■ **Action item**
Please retype the listing exactly as it appears, skipping each picture.

──────── Dataset excerpt

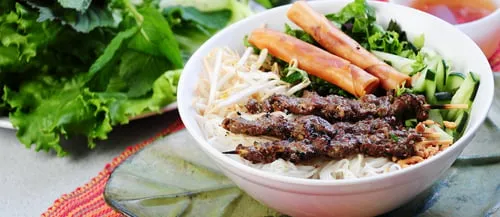 Grilled Pork and Rice Vermicelli (Bún thịt nướng)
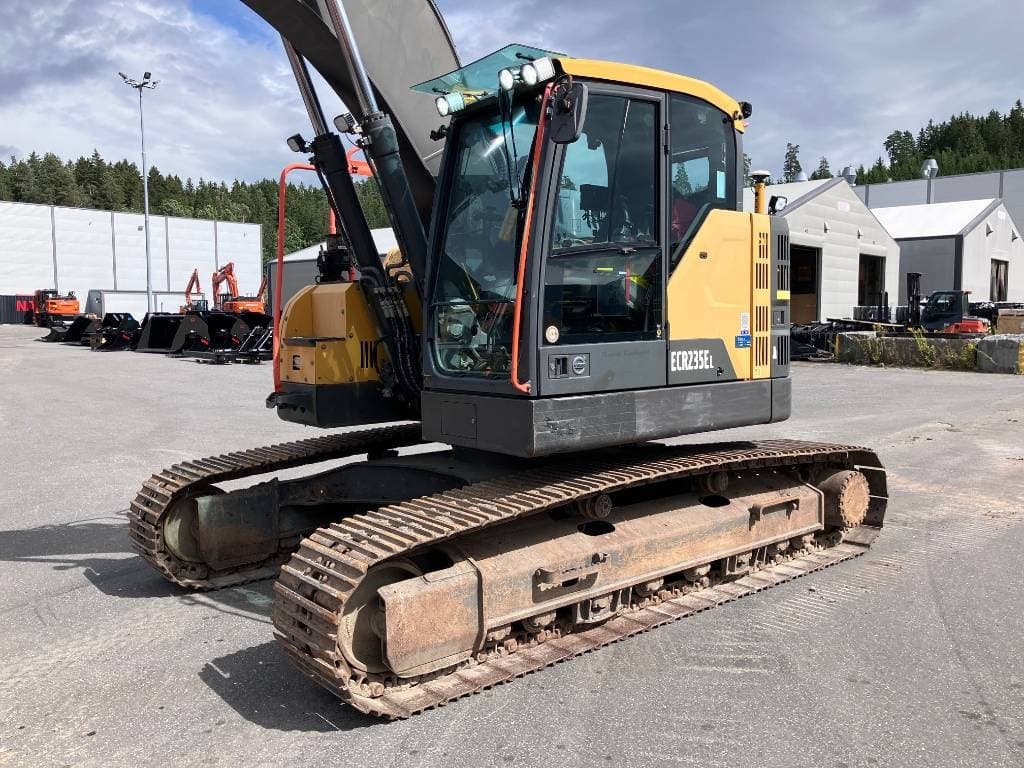 Volvo ECR 235 E
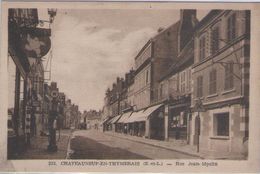 CPA 28 Eure Et Loir - CHATEAUNEUF - Rue Jean Moulin - Châteauneuf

────────────────

■ **Expected output**
 Grilled Pork and Rice Vermicelli (Bún thịt nướng)
 Volvo ECR 235 E
 CPA 28 Eure Et Loir - CHATEAUNEUF - Rue Jean Moulin - Châteauneuf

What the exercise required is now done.